After reading the listing below, copy it out exactly.

---------- DATA LISTING ----------

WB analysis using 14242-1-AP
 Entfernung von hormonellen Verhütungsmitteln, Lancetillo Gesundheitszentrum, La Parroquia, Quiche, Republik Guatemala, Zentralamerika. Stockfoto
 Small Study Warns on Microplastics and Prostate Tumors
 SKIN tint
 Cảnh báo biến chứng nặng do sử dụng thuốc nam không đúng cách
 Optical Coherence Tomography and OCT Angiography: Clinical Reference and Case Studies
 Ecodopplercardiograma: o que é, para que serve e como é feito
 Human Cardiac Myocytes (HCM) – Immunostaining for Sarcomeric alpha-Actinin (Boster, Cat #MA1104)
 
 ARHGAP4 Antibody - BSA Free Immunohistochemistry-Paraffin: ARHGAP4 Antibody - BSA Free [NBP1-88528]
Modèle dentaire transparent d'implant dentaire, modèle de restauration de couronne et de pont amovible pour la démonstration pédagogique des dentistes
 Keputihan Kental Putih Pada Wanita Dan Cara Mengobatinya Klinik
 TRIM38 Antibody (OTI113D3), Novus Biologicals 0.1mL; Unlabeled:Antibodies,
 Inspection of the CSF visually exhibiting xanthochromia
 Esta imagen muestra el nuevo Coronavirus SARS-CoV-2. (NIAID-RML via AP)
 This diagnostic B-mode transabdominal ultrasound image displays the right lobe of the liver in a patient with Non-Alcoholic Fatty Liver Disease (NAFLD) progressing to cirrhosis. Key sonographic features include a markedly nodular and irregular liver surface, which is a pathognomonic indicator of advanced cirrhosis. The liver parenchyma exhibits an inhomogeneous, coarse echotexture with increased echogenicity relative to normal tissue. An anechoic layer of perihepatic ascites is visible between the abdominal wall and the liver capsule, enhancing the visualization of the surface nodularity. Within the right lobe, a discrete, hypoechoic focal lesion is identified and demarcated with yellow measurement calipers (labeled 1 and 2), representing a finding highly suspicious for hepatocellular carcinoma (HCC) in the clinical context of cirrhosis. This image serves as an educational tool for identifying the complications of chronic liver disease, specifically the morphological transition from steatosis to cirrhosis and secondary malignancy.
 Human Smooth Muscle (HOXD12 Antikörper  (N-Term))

----------

◆ EXERCISE RESULT:
WB analysis using 14242-1-AP
 Entfernung von hormonellen Verhütungsmitteln, Lancetillo Gesundheitszentrum, La Parroquia, Quiche, Republik Guatemala, Zentralamerika. Stockfoto
 Small Study Warns on Microplastics and Prostate Tumors
 SKIN tint
 Cảnh báo biến chứng nặng do sử dụng thuốc nam không đúng cách
 Optical Coherence Tomography and OCT Angiography: Clinical Reference and Case Studies
 Ecodopplercardiograma: o que é, para que serve e como é feito
 Human Cardiac Myocytes (HCM) – Immunostaining for Sarcomeric alpha-Actinin (Boster, Cat #MA1104)
 
 ARHGAP4 Antibody - BSA Free Immunohistochemistry-Paraffin: ARHGAP4 Antibody - BSA Free [NBP1-88528]
Modèle dentaire transparent d'implant dentaire, modèle de restauration de couronne et de pont amovible pour la démonstration pédagogique des dentistes
 Keputihan Kental Putih Pada Wanita Dan Cara Mengobatinya Klinik
 TRIM38 Antibody (OTI113D3), Novus Biologicals 0.1mL; Unlabeled:Antibodies,
 Inspection of the CSF visually exhibiting xanthochromia
 Esta imagen muestra el nuevo Coronavirus SARS-CoV-2. (NIAID-RML via AP)
 This diagnostic B-mode transabdominal ultrasound image displays the right lobe of the liver in a patient with Non-Alcoholic Fatty Liver Disease (NAFLD) progressing to cirrhosis. Key sonographic features include a markedly nodular and irregular liver surface, which is a pathognomonic indicator of advanced cirrhosis. The liver parenchyma exhibits an inhomogeneous, coarse echotexture with increased echogenicity relative to normal tissue. An anechoic layer of perihepatic ascites is visible between the abdominal wall and the liver capsule, enhancing the visualization of the surface nodularity. Within the right lobe, a discrete, hypoechoic focal lesion is identified and demarcated with yellow measurement calipers (labeled 1 and 2), representing a finding highly suspicious for hepatocellular carcinoma (HCC) in the clinical context of cirrhosis. This image serves as an educational tool for identifying the complications of chronic liver disease, specifically the morphological transition from steatosis to cirrhosis and secondary malignancy.
 Human Smooth Muscle (HOXD12 Antikörper  (N-Term))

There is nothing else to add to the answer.